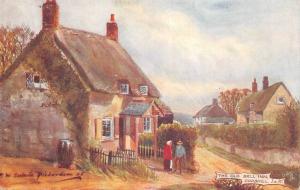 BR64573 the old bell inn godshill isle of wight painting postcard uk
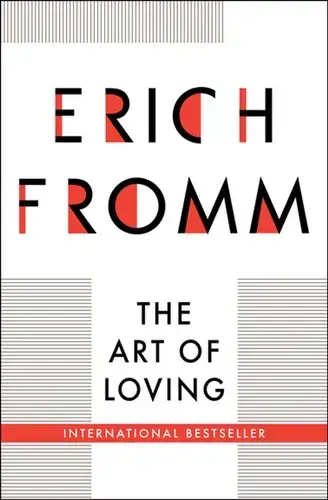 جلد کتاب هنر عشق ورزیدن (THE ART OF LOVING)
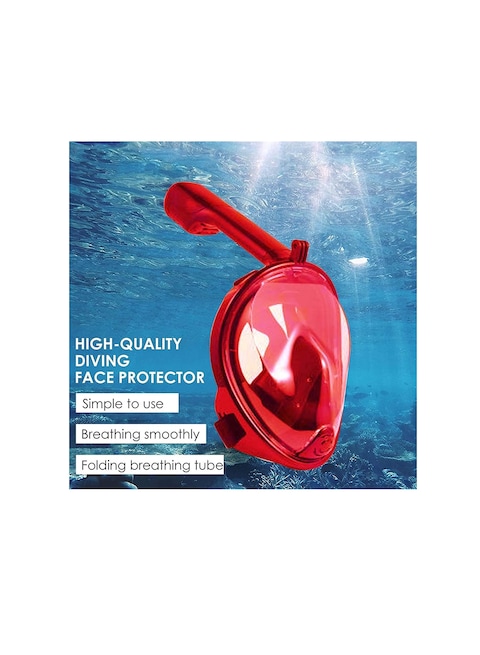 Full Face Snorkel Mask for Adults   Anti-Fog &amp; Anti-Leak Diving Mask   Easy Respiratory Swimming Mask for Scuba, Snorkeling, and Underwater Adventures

____________

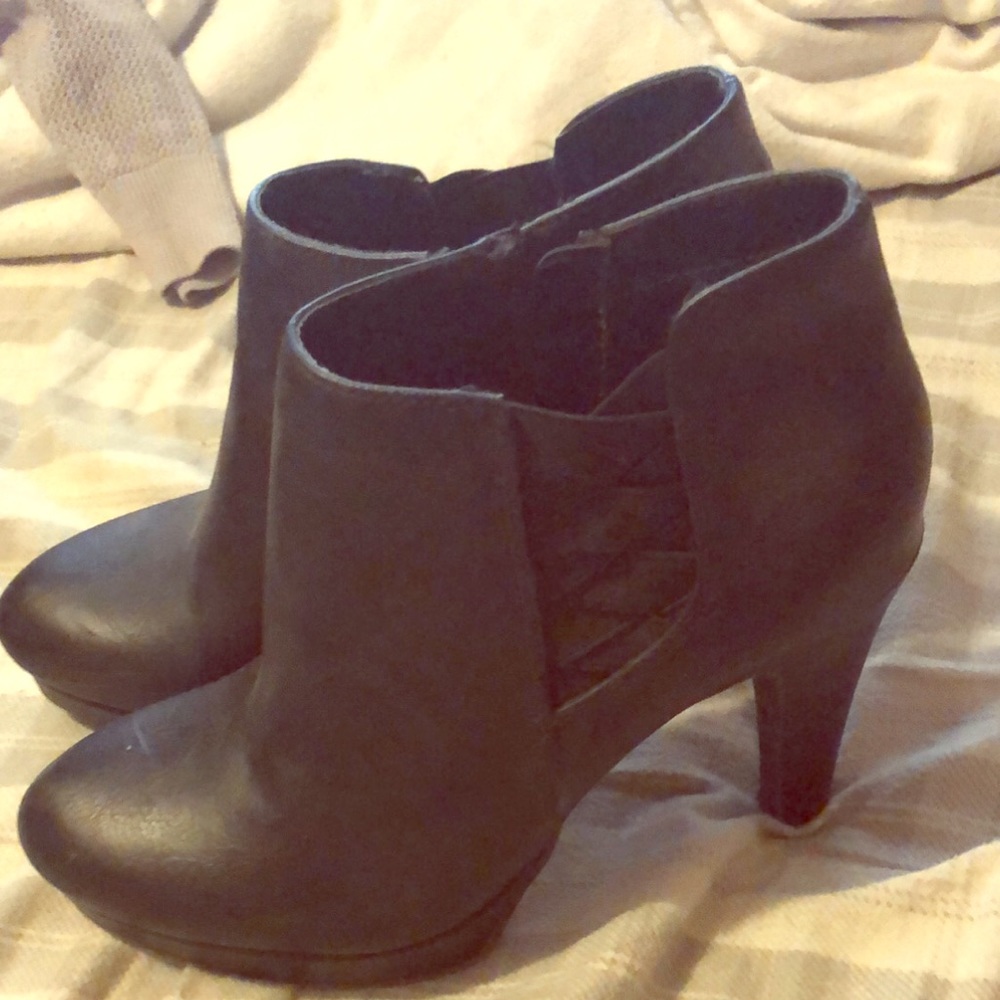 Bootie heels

____________

*Your task*
Look through the material above. Transcribe exactly the lines between the ones with "BR64573 the old" and "Full Face Snorkel", inclusive, and keep pictures out.

*Response below*
 BR64573 the old bell inn godshill isle of wight painting postcard uk
 جلد کتاب هنر عشق ورزیدن (THE ART OF LOVING)
 Full Face Snorkel Mask for Adults   Anti-Fog &amp; Anti-Leak Diving Mask   Easy Respiratory Swimming Mask for Scuba, Snorkeling, and Underwater Adventures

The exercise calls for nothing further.